Last spring, Diane, a controller at a mid-sized accounting firm in Cleveland, sent $312,000 to a long-standing vendor. The email thread appeared to be typical. The vendor’s CFO sounded exactly like him on the follow-up call, right down to his constant little cough. When the actual vendor called three days later to inquire about the status of the payment, she discovered that the voice had been cloned from a thirty-second podcast clip. Reluctantly, her company’s cyber insurer paid for the majority of the loss before discreetly refusing to extend the coverage. That tale is no longer uncommon. The new baseline is this.
The market for cyber insurance was estimated to be worth $16.3 billion in 2025, which may seem huge, but it actually makes up less than 1% of all property and liability premiums worldwide. That number might provide all the information you need to understand how unprepared the world truly is. In the early 2020s, carriers increased rates by fifty to one hundred percent, imposed ransomware sub-limits, and withdrew from whole industries. After that, there was a brief period of calm. Rates decreased. Late in 2024, Marsh reported a six percent global decline. The declines in Europe were as sharp as twelve percent. For a brief moment, it seemed as though the worst was behind us. It wasn’t.
The emergence of generative AI as a useful tool for criminals was what changed, practically overnight. Attempts to commit deepfake fraud increased by about 3,000%. Phishing emails ceased to read as though they had been translated into three languages and began to sound, in a sense, like they were from your supervisor. I’ve spoken to underwriters who have described an odd split-screen experience: while the severity of individual claims continued to rise, their loss ratios appeared healthier than ever, averaging between 75 and 88 percent. Cost increases, frequency decreases. It’s not stable. The market is holding its breath.
In the past, ransomware was used to lock files. It’s about leaking them now. Data theft accounted for 40% of large cyber claims (those exceeding a million euros) in the first half of 2025. That represents an increase from 25% the previous year. Attackers discovered that encryption had become nearly useless due to improved backups.
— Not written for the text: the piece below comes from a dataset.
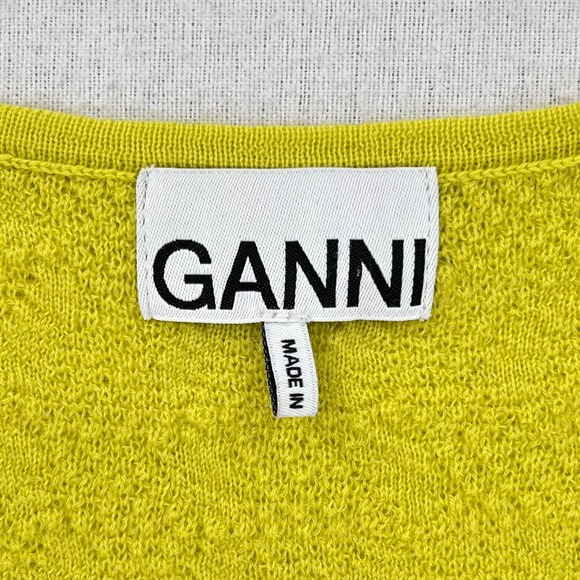 GANNI Tender Shoots Merino Lace Top Women XS Scoop Yellow Green Knit Sweater Top - Picture 14 of 16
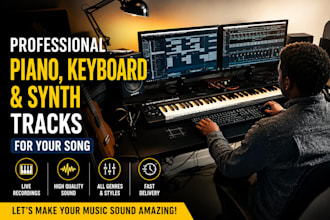 record professional piano, keyboard and synth tracks for your song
They turned around as a result. They first steal the data, threaten to publish it, and then let class action lawyers and regulatory fines do the rest of the damage. Exfiltration-related losses are more than twice as high as non-exfiltration losses. In some industries, the math has subtly become unfeasible for insurers.

Education and healthcare continue to suffer the most. Almost every small hospital’s IT department has an overworked administrator using antivirus software that is older than some of the patients. Underwriters are informing these companies that their coverage is decreasing and their premiums are increasing. Discounts are being given to Fortune 500 companies that have complete security operations centers. There is no clear link between the two tiers that make up the market.
What should really concern people is the protection gap. Over a four-year period, the economic harm caused by cybercrime in Germany increased by about 250%. The growth in insured losses was only 70%. This ratio is more than three to one, which means that for every dollar that an insurer pays out, three dollars are eventually absorbed by the victim, suppliers, or customers. Of the eligible organizations, 47% have standalone cyber coverage. In essence, the remaining 53% are wagering their survival on going unnoticed.
One well-known quote from the early days of aviation insurance states that no one knew how to price a risk they had never seen. Right now, cyberspace feels similar. The high premiums have attracted a large number of reinsurers, but few of them are truly confident in their catastrophe models. A single widely exploited vulnerability or outage by a cloud provider could result in losses that erase ten years of industry profits. Munich Re continues to project 10% annual growth through 2030, which may seem promising, but keep in mind that growth and solvency are two different things.
It’s difficult to avoid wondering if the industry is addressing the wrong issue as this develops. The hygienic regulations were effective. Loss ratios were pushed into healthier territory by MFA, EDR, and backups. However, hygiene presupposes that the attacker is human, operating at human speed and making human errors. It’s not the next wave. And most policies being drafted today still make the assumption that it is.